[Date Prev][Date Next][Thread Prev][Thread Next][Date Index][Thread Index]

Re: [Condor-users] condor w/o shared filesystem



On 07/19/2011 12:32 PM, Ian Chesal wrote:
On Monday, July 18, 2011 at 9:14 PM, Rita wrote:
One feature we would like to see is having condor jobs running
completely independent of the scheduler -- related to file systems.

Currently, the job log depends needs to be shared on the scheduler and
execution hosts.
This is not true. Only scheduler-side processes require access to the
job log. Perhaps I'm mis-understanding your request?

Condor will try to be smart about using shared filesystems if
FILESYSTEM_DOMAIN is the same between the scheduler and the execute
nodes.
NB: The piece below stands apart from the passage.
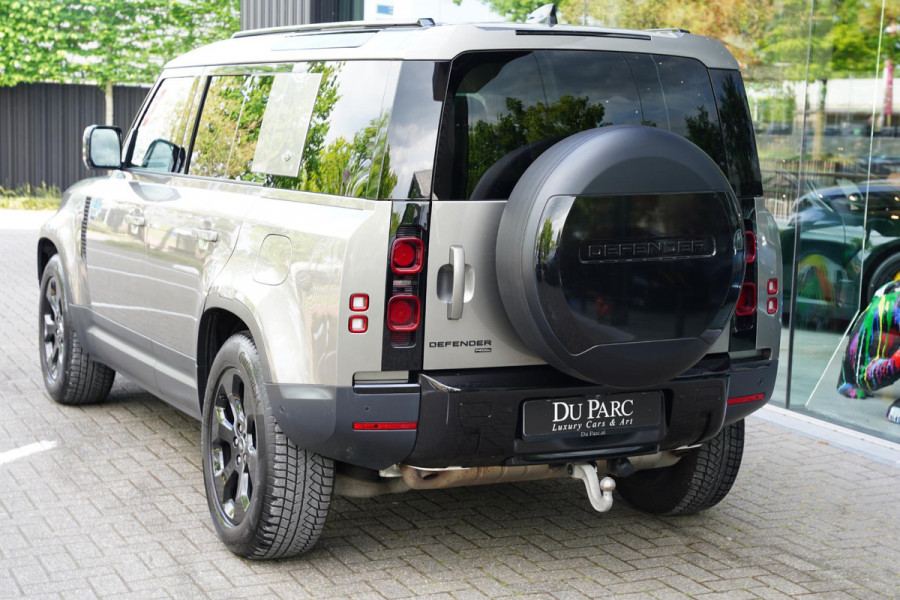 Land Rover Defender P 400 E Hybride BTW Leder Ivory Panorama Dak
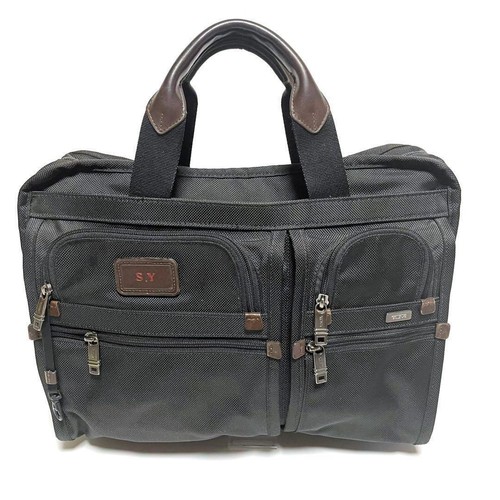 TUMI 26133DB Limited Edition Business Bag Briefcase Initial Logo Y111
You can set this to $(FULL_HOSTNAME) on every machine to let
Condor know that none of your machines share a filesystem.
If the scheduler host dies for any reason the execution of the jobs halts.
Condor is highly fault tolerant and the disappearance of a scheduler can
be tolerated. The default behaviour can be changed if you don't like it.
Specifically you want to look at MAX_CLAIM_ALIVES_MISSED
(http://www.cs.wisc.edu/condor/manual/v7.6/3_3Configuration.html#17538)
and ALIVE_INTERVAL
(http://www.cs.wisc.edu/condor/manual/v7.6/3_3Configuration.html#param:AliveInterval)
-- these control how long a condor_startd will keep a job running while
the scheduler they came from is no longer able to connect to the startd.

It would be nice to place all files in spool/ (this includes,
output,error, and job (if possible)) . I am not sure if there is a
better way.
You can have this happen if you submit with the -remote option -- Condor
will spool everything in the spool directory and hold it there for you
until you fetch the files with condor_transfer_data.

Regards,
- Ian

If you're not using -remote/-name now, you likely only need -spool.

Best,


matt